H1: Web search speed will significantly improve from 2000 to 2010.
H2: Web searching will involve significantly fewer steps to find an answer from 2000 to 2010.
H3: Web searching will produce significantly more correct answers from 2000 to 2010.
H4: Since Web searching is predicted to be faster, more efficient, and more accurate, satisfaction with the search process is predicted to significantly improve from 2000 to 2010.
H5: Since people have had a chance for greater exposure to the Web, it is predicted that Web experience will have a significant interactive impact on performance.
This study involves a comparative analysis of two groups of participants. A purposive sampling technique known as snowballing was used for both groups (Fife-Shaw, 1997). Snowballing involves approaching participants known to the researchers and then (after data collection) requesting them to suggest anyone suitable that they know to build an expanding network of potential participants. Snowballing was used in the 2000 sample in order to get representivity from participants from different age groups and professions. A purposive snowball sampling technique (all participants were volunteers) was used for the 2010 sample in an attempt to match the 2010 and 2000 samples as closely as possible on age, language, gender, and occupation (e.g. student, school children, and type of occupation). The first group of 80 participants was sampled in 2000 and the second, separate group of 80 participants was sampled ten years later in 2010. Since the respondents in 2000 were anonymous it was not possible to trace the exact same participants which would have enabled a longitudinal within-subjects design. The 2010 sample must therefore be considered as a contrast group. A similar replication study design of changes in mental models of computers was used by Oleson et al. (2010) and Sims et al. (2011).
2.1.1 Sample 1
In the 2000 sample there were 21 undergraduate students, 25 postgraduate students, 7 school children, 7 University staff members, 7 IT professionals, 3 other professionals, and 10 semi-professionals (e.g. secretaries, administrators, shop owners, etc.). The students and University staff were drawn from two Universities in close geographical proximity. There were 50 male participants (30 female participants) and a sample mean age of 23.28 years (range: 16--35 years), 51 respondents who spoke English, 25 who spoke an African language from South Africa, and 4 who spoke a language from elsewhere in Africa.
2.1.2 Sample 2
In the 2010 sample there were 21 undergraduate students, 22 postgraduate students, 8 school children, 11 University staff members, 5 IT professionals, 10 other professionals, and 5 semi-professionals. The students and University staff were drawn from the same two Universities as in the 2000 sample. In the 2010 sample there were 48 male participants (32 female participants) and a sample mean age of 25.78 years (range: 14 52 years), 50 respondents who spoke English, 24 who spoke an African language from South Africa, and 6 who spoke a language from elsewhere in Africa.
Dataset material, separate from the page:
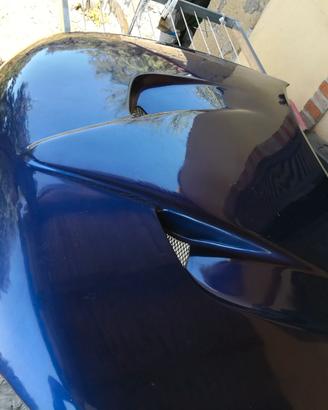 Cofano tuning opel tigra prima serie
The two samples were not statistically different on gender ([chi square] = 0.11, p > 0.05), language ([chi square] = 0.202, p > 0.05), occupation ([chi square] = 6.92, p > 0.05), or age (t = 1.94, p > 0.05).
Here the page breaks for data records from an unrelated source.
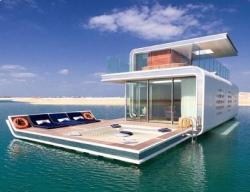 Дом-контейнер мобильный с полным оснащением для кемпинга (арт. 26-1090170)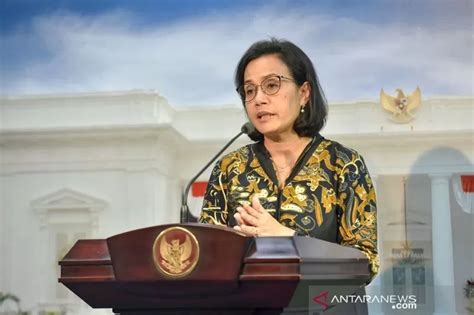 Menkeu Tantangan Pemulihan Ekonomi Pada 2022 Masih Tinggi Bangga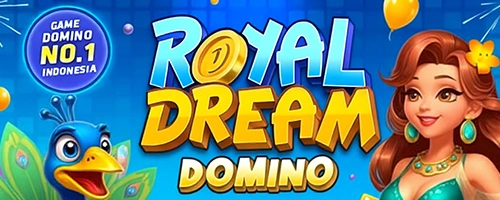 Royaldream Portal Game Gacor & Teknologi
The identical procedure was followed for both sampling periods. After informed consent was provided, each participant first completed a biographical and Web experience questionnaire (i.e. self-rated Web experience, length of time in months since starting to use the Web, and number of hours per week using the Web). Each participant was then asked to complete a directed search task while having their search actions recorded by a commercially available onscreen capture software programme. Participants were allowed to choose their preferred browser software as in earlier pilot studies this was found to have an influence on the WSE strategy used. In Sample 1, 31 participants chose Netscape Communicator (version 4.5) and 49 participants chose Microsoft Internet Explorer (IE 5.0). In Sample 2, 77 participants chose Microsoft Explorer (IE 8.0) and 3 participants used Firefox (version 3.6). The directed search task was: "Find Bill Clinton's mother's maiden name". This search task was chosen because it has a single correct answer which would not be immediately obvious to participants. Participants were given a maximum of 15 minutes to complete the task, thereafter the task result was considered to be incorrect and the steps and time were recorded up to this point. After each participant had completed the task the researchers cleared all browsing data (i.e. browsing history, download history, emptying the cache, and so forth) to make sure the next participant could not follow the same search path and returned to the same starting page.
2.3 Measures and analysis
The performance measures were the number of steps, time taken, the correctness of the answer, and satisfaction with the directed search task. These measures were compared (2000 (Sample 1) to 2010 (Sample 2)) using a t-test (Huck, 2004). A step was defined as any action (e.g. entering a search term, going to a previous webpage, clicking on a link or opening a new tab) that participants undertook during the task/s. Time was defined as the recorded length of time that had elapsed from the beginning of the task up until participants indicated that they had completed the task (or until the 15 minutes had elapsed). A chi-squared test was used to assess the accuracy of the answer given by participants comparing Sample 1 to Sample 2. In order to assess the impact of Web experience on the performance measures, an ANCOVA was conducted using Web experience as the covariate. Because correctness of the answer was a dichotomous variable the Web experience variables were converted into dichotomous scales using the median split method. A 2x2x2 chi-squared analysis was then conducted when examining the impact of Web experience on the correctness of the answer across the two time points.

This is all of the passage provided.